Alearia was supposed to be filling the front courtyard with blooming vines of lyrwina as a gift from the Ilari to the king as was customary when visiting royalty. Instead, she was hiding behind a shrub of currently-unadorned asmeaf at the opposite side of the yard, peering through the foliage at the resplendent colors of dragonscales.
Two of the dragons were different shades of green, lighter and darker. One purple, one bright blinding sky blue, and three shades of orange. The darkest shade of orange was in the front.

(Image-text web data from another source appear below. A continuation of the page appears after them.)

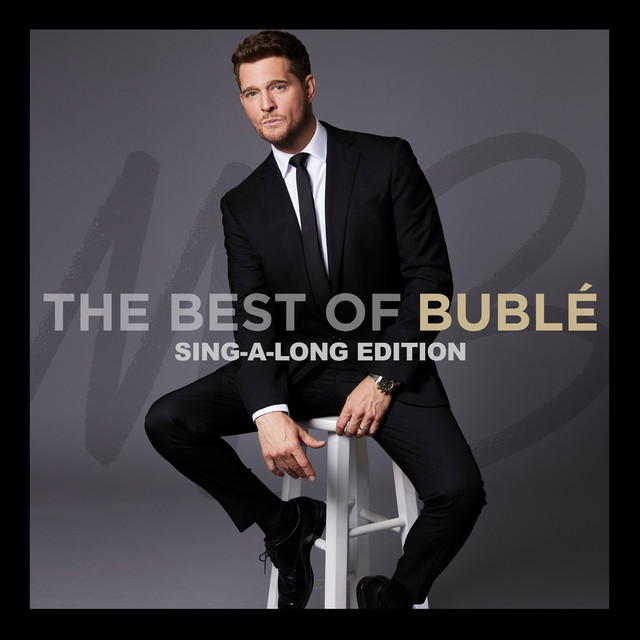 The Best of Bublé (Sing-a-Long Edition) ‑「コンピレーション」by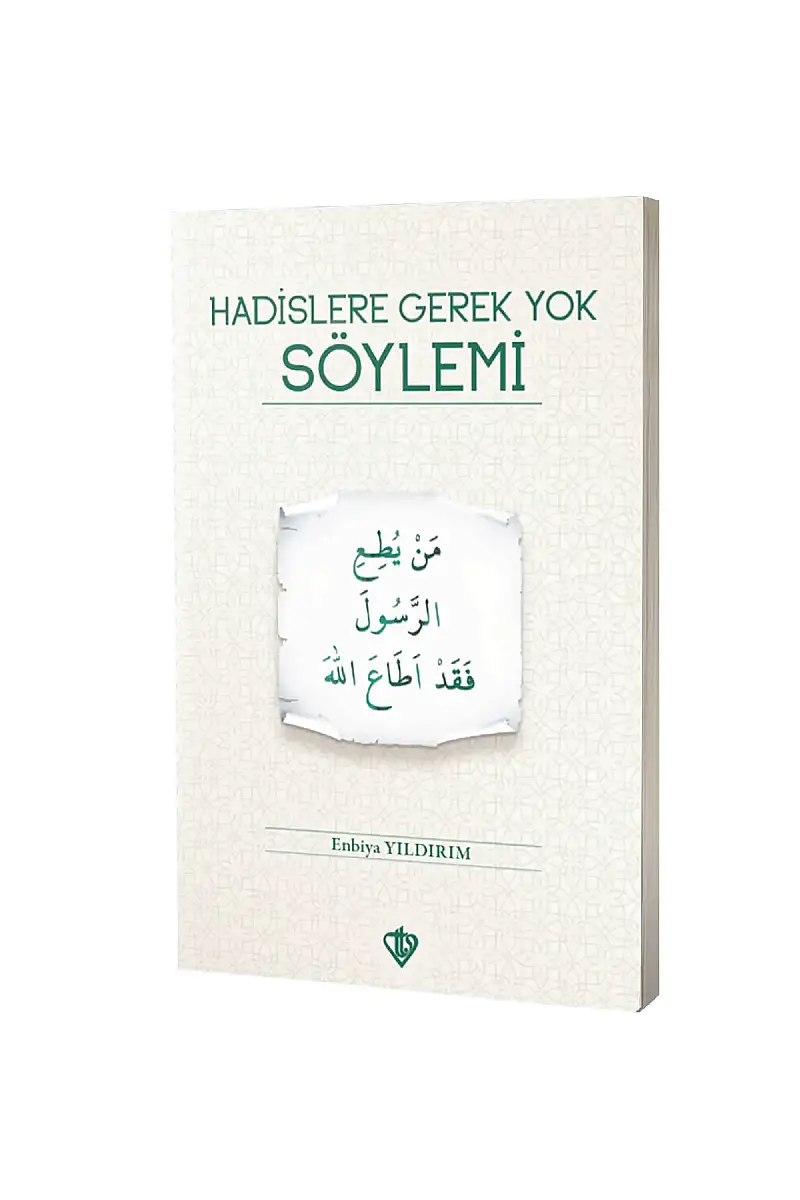 Hadislere Gerek Yok Söylemi - 1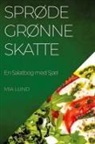 Mia Lund - Sprøde Grønne Skatte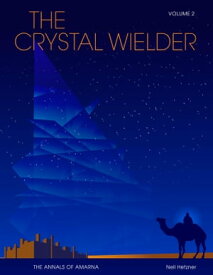 The Crystal Wielder【電子書籍】[ Neil Hetzner ]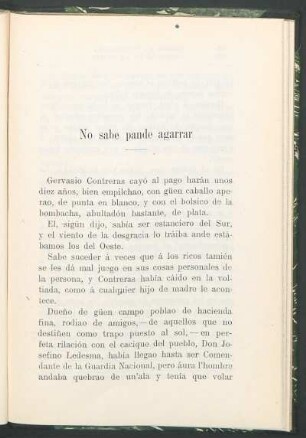 No sabe pande agarrar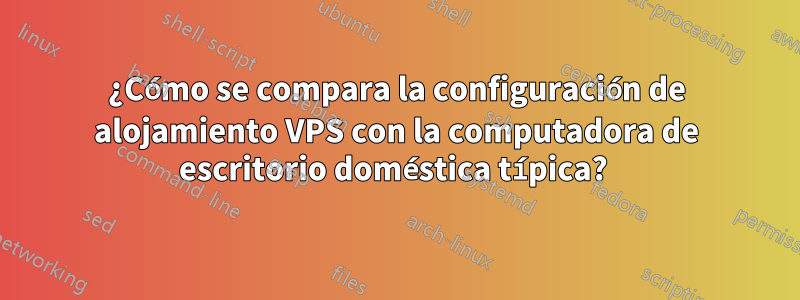 ¿Cómo se compara la configuración de alojamiento VPS con la computadora de escritorio doméstica típica? 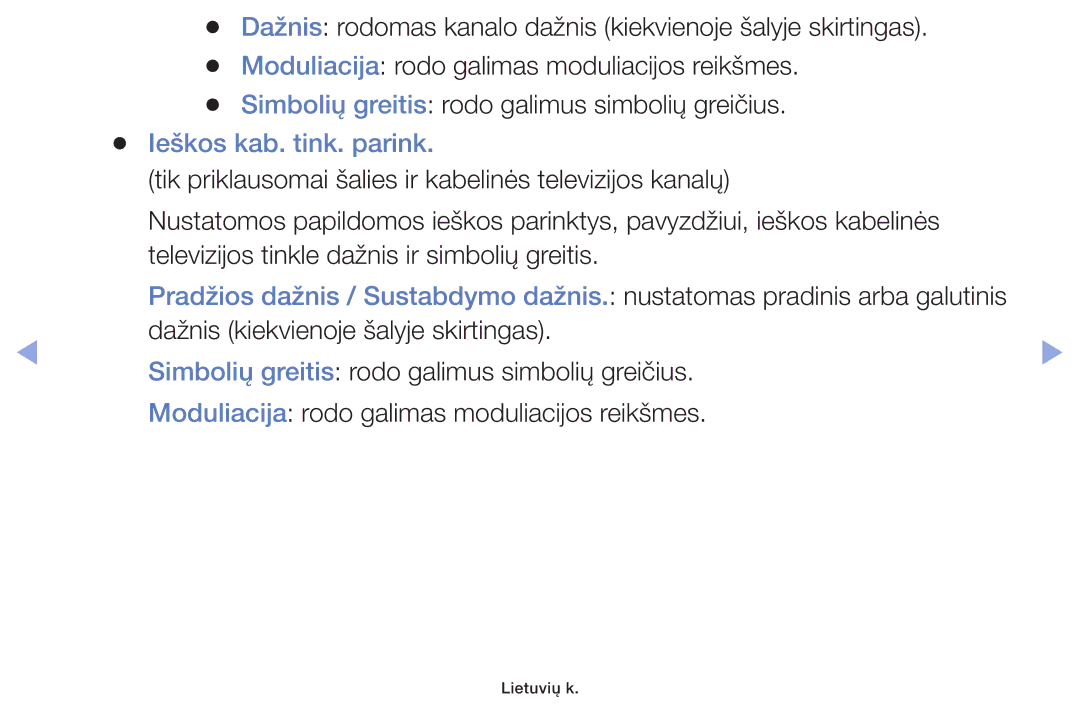 Samsung UE39F5000AWXBT, UE42F5070SSXZG, UE42F5000AWXZG, UE42F5000AWXBT, UE32F5000AWXBT manual Ieškos kab. tink. parink 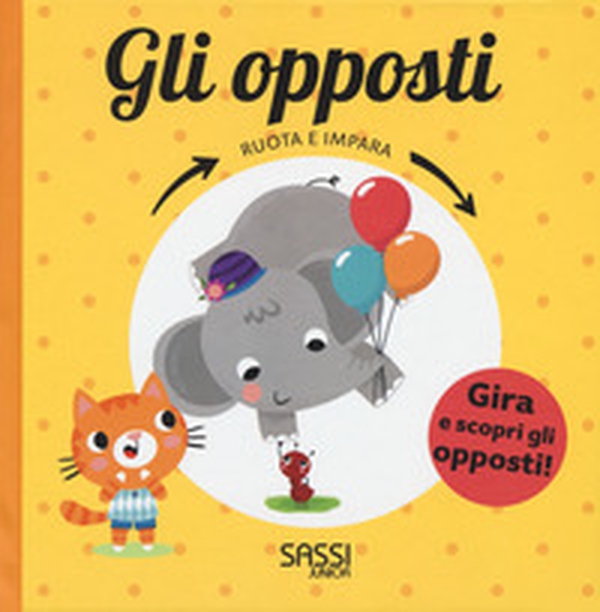Gli opposti. Ruota e impara - Librerie.coop Gli opposti. Ruota e impara - Librerie.coop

All of the dragons were agitated.
The green ones sat together in the back of the group, heads down, but spurts of steam with occasional flames left their nostrils, leaving burnt patches in the wildgrass. The purple one was pawing the ground, digging small channels among the wildflowers with its massive claws, but it was looking off into the distance.
In all of her eight years, Alearia had never seen so many in one place. Their nerves made Alearia feel more exposed and she twirled her fingers around a small branch within the shrub, whispering her words as soft as she could. “Grow lyrwina, grow, hide me in blooms.” She whispered the mantra over and over. It was more about intention than words. She could feel the magic flowing from her fingertips feeding the plant through her source.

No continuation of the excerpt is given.